Aos 51 anos, a atriz australiana passa em revista um 2018 bem preenchido e sucedido, a vida em Nashville, onde se instalou há 13 anos com o marido, o músico de country Keith Urban, a agradável rotina de “tour wife”, a capacidade de memória, a queda para os números, ou ainda os mais de 30 anos sem fazer televisão — recorde-se que a segunda temporada de “Big Little Lies” estreia-se no próximo mês.

O número de maio da publicação revê a “carreira prolífica” de uma estrela que não dá sinais de parar de brilhar. Ainda esta primavera, a Blossom Films começa a filmar “The Undoing”, uma série em seis partes baseada no livro “You Should Have Known”, de Jean Hanff Korelitz. Dirigida por Susanne Bier, conta com ela no elenco, que dividirá o ecrã com Hugh Grant e Donald Sutherland. David E. Kelley, o mesmo de “Big Little Lies”, volta assinar o argumento e produção-executiva.
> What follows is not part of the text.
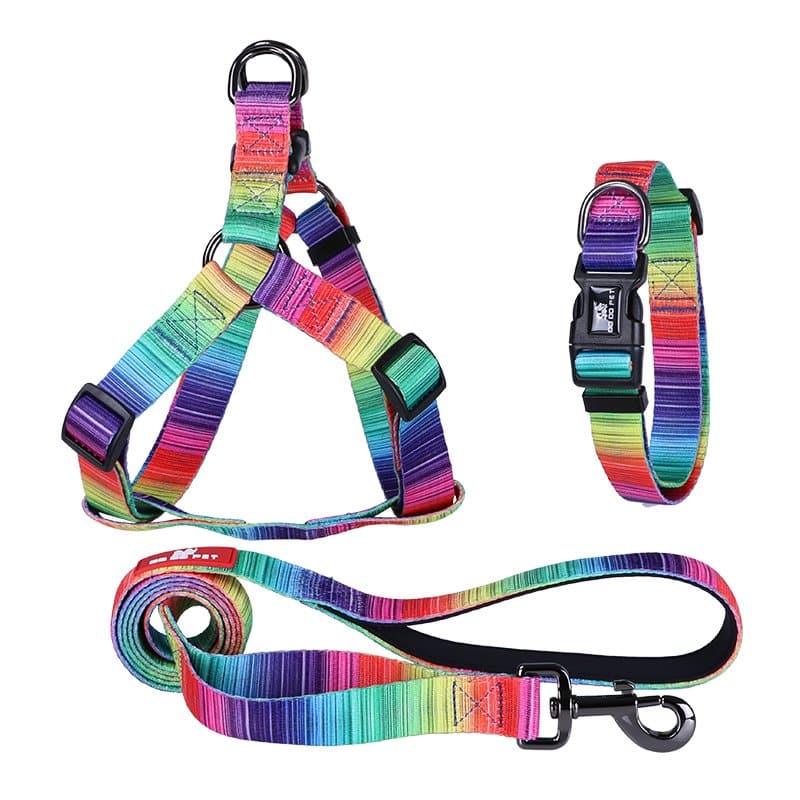 Pet Lead, Harness & Collar - Rainbow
E por falar na série que valeu a Kidman troféus como o SAG Award, Globo de Ouro ou Emmy, o artigo socorre-se dos comentários de outra veterana, Meryl Streep, recrutada para o elenco e que confessa ter chegado a temer por Nicole na segunda temporada, dada a intensidade de algumas cenas. Streep faz de sogra de Celeste, a personagem desempenhada por Kidman, e é mais um motivo de peso para aguçar a curiosidade dos fãs.

Há ainda espaço para uma série de revelações do foro doméstico, por parte de uma Nicole que chega à entrevista “sem um pingo de maquilhagem”, vestida de forma descontraída e ainda munida de café, água e maçãs. Quando o assunto são os filhos, sejam eles Connor e Isabella, da fase Tom Cruise, ou Sunday Rose e Faith, Kidman é perentória, admitindo que as suas regras parentais podem torná-la uma mãe “impopular” (pelo menos no que toca aos mais novos, já que a dupla mais velha já saiu debaixo da asa materna há algum tempo): “Não têm telemóvel e não os deixo terem Instagram”, frisa. “Tento manter algumas fronteiras”. Quanto a Connor, vive da música, e Isabella, já casada, gere uma linha de t’shirts. As mais novas, Sunday e Faith, têm 10 e 8 anos, respetivamente, e é sobre elas que incide este controlo do acesso às redes.

De novo de volta à idade e aos desafios que o envelhecimento pode trazer, em especial na sua área, as palavras estão em sintonia com as imagens e o styling: “Já não é possível estar na prateleira como se costumava estar”, garante Nicole. “É por isso que é tão importante continuar em mudança. Vive-se mais hoje, se tivermos essa sorte. Temos que encontrar um lugar para pôr toda a nossa energia criativa”.